Records from a dataset
--- START ---

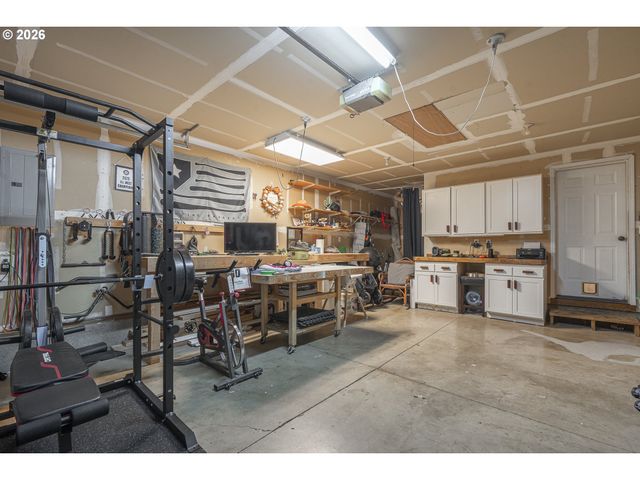 1101 E SUNSET Dr, Newberg, OR 97132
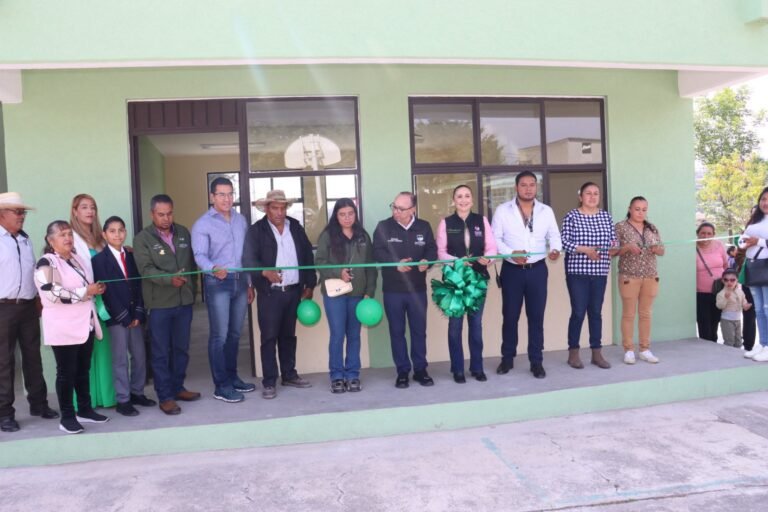 Entrega de nueva aula en primaria de Zinacantepec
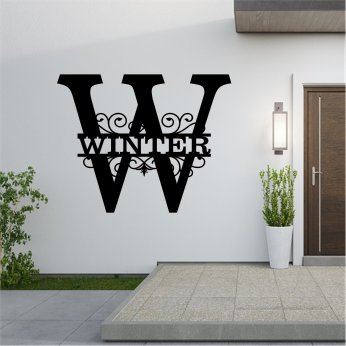 Metallmonogramm W, personalisiert mit einem Namen, vereint Eleganz und Individualität in einem einzigartigen Design.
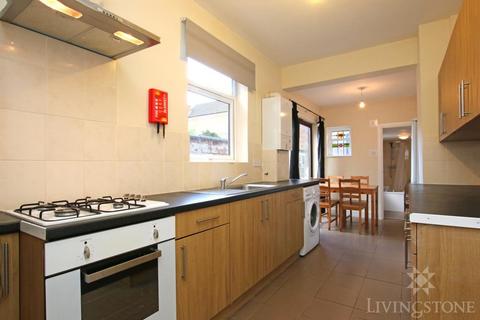 4 bedroom terraced house to rent, Montague Road, Leicester LE2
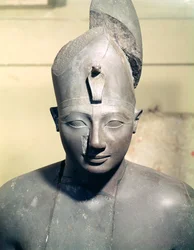 Socha Tuthmosis III (vládl 1504-1450 př.nl), z chrámu Amun, Karnak (čedič)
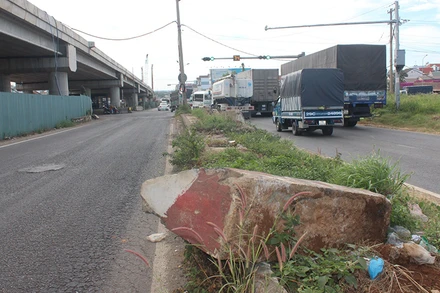 Mất an toàn do thi công tại nút giao thông Dầu Giây.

--- END ---

### Work order
Please print the records above word for word, leaving every image out.

### Solution to the exercise
 1101 E SUNSET Dr, Newberg, OR 97132
 Entrega de nueva aula en primaria de Zinacantepec
 Metallmonogramm W, personalisiert mit einem Namen, vereint Eleganz und Individualität in einem einzigartigen Design.
 4 bedroom terraced house to rent, Montague Road, Leicester LE2
 Socha Tuthmosis III (vládl 1504-1450 př.nl), z chrámu Amun, Karnak (čedič)
 Mất an toàn do thi công tại nút giao thông Dầu Giây.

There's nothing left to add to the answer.